Ever since March, forward and prompt gas prices have been on a remarkable climb. Much of this has coincided with an equally unprecedented rise in the price of carbon. However, this week we have seen gas prices soar whilst carbon has only slightly increased.
This is due to a combination of an already tight supply, planned maintenance on crucial pipelines in July and Gazprom turning down the option to increase gas supply levels. Gas supplies in Europe have been below 5-year averages for almost the whole year now. This puts upward pressure on gas prices because it increases the chance that by next winter these supplies won’t have been sufficiently filled up. On top of this, there is a more severe gas situation in Asia driven by demand so gas prices are even higher. This means that LNG ships are skipping Europe and going to Asia instead, further reducing gas flow into Europe. This means that gas prices are already very sensitive and it only takes another blip in the supply chain to cause a price spike. This week, it came in the form of planned maintenance and therefore temporary closure on two crucial pipelines that transport gas into Europe. The Yamal pipeline will be closed for 5 days whilst Nord Stream 1 pipeline, will be closed for 13 days. Secondly, Gazprom had the option to increase short term supply in the Sudzha capacity auction, a monthly gas auction, but decided against it. This means they will have to withdraw from their own supplies and further tighten the gas situation in Europe and the UK. As mentioned in last week’s marketpulse, this is all occurring in the backdrop of the political challenge that is Nord Stream 2. This decision from Gazprom is another suggestion that they may be deliberately tightening the gas supply into Europe in order to push through the opening of Nord Stream 2.

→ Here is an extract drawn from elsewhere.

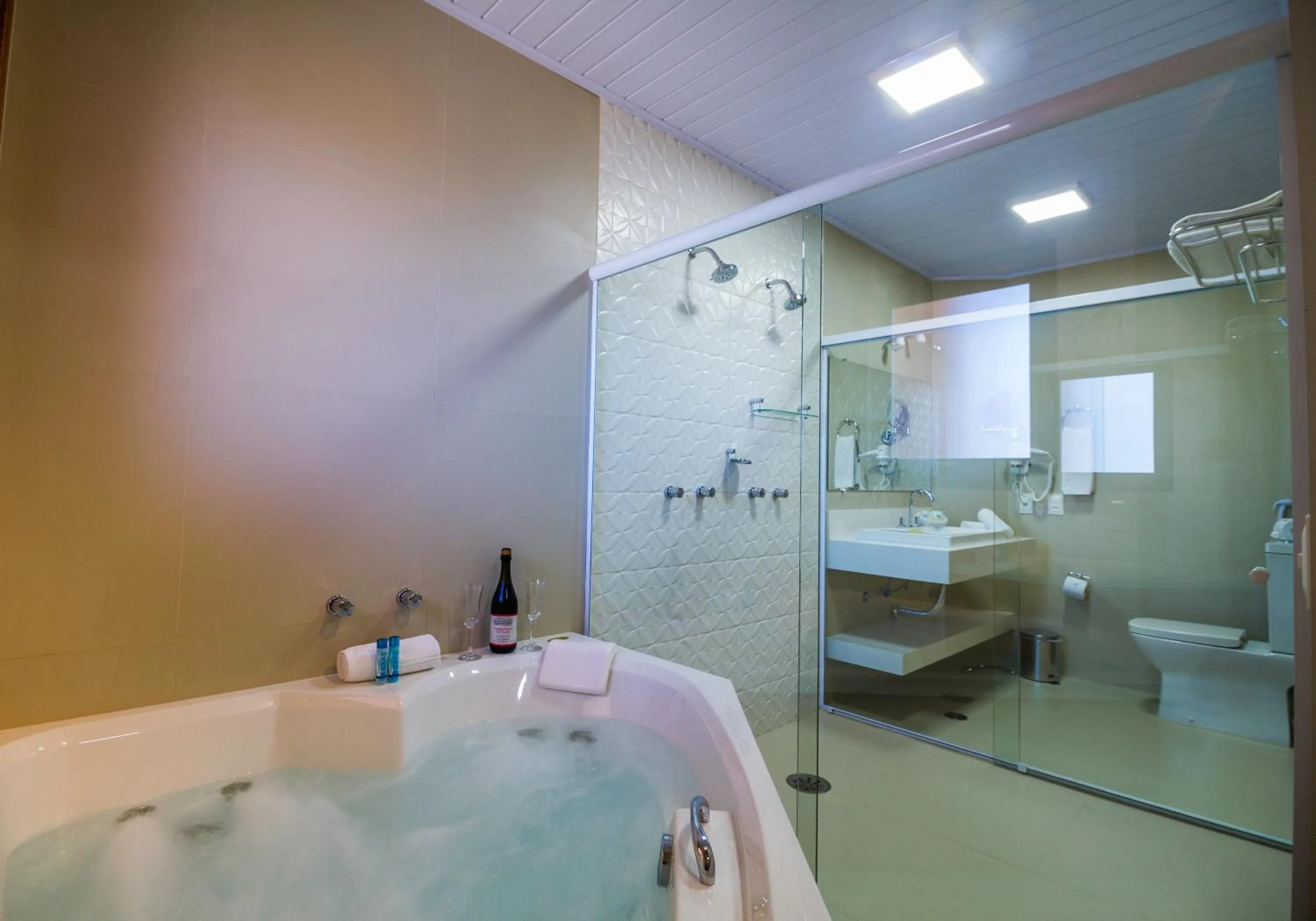 Hot Tub in Pousada Suiça Mineira Centro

This has correlated with another rise in what were already exceptionally high power prices. An increase of £7.20/MWh in the first four days of the week led to UK Baseload Winter – 21 reaching £98.00/MWh which is amazing news to our renewable energy customers on our Track and Trade PPA product.

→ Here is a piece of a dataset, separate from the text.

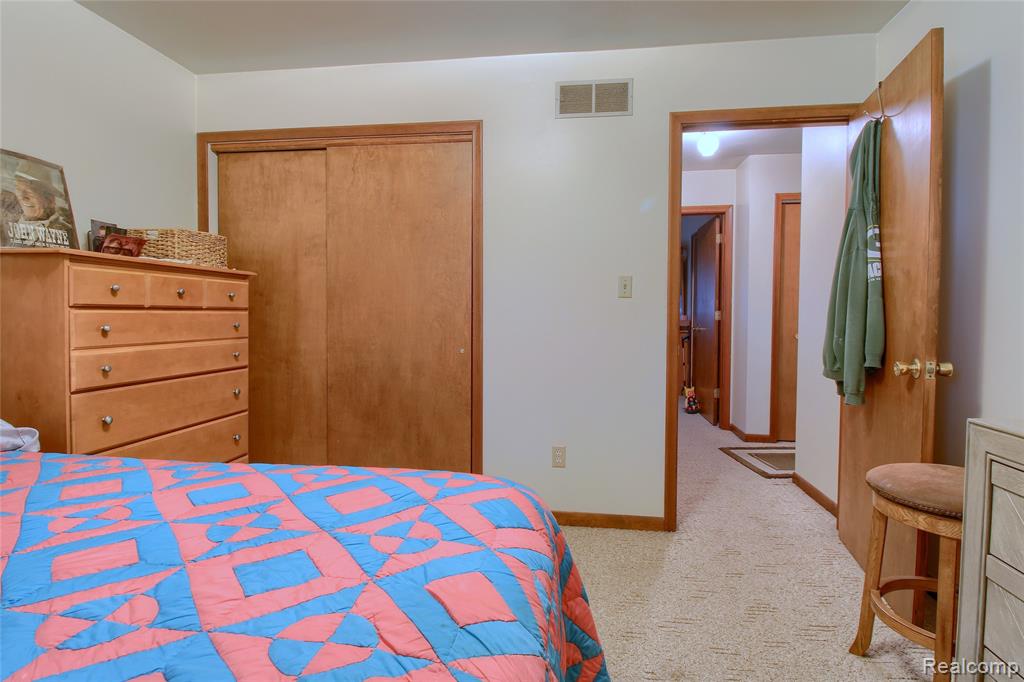 600 Oakville Waltz Road N, New Boston, MI 48164 — Photo 31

At 7pm on Sunday 27 June, Elexon called for the immediate suspension of the EPEX intraday exchange due to a data saving process problem. This caused chaos for National Grid in terms of balancing the system because it meant that they could only use the Balancing Mechanism to try and balance the system.
On Monday 28 June, strong Day Ahead prices of up to £95/MWh on the extended peak product, due to continued low wind, meant that the majority of CCGT’s (85%) were already contracted on Physical Notification from 7:30 am. The remaining assets sat within the Balancing Mechanism at very high prices between £110 – 140/MWh. These assets continuously increased their offer price throughout the day, with system prices peaking at £200/MWh as a result.
On a light-hearted note, England played Germany in the EURO’s Round of 16, which created volatile demand use. During half time, demand shot up by 1GW as the nation put the kettle on to try and calm their nerves. As 20 million viewers were glued to the TV during the game, demand came out 2GW below National Grid forecasts.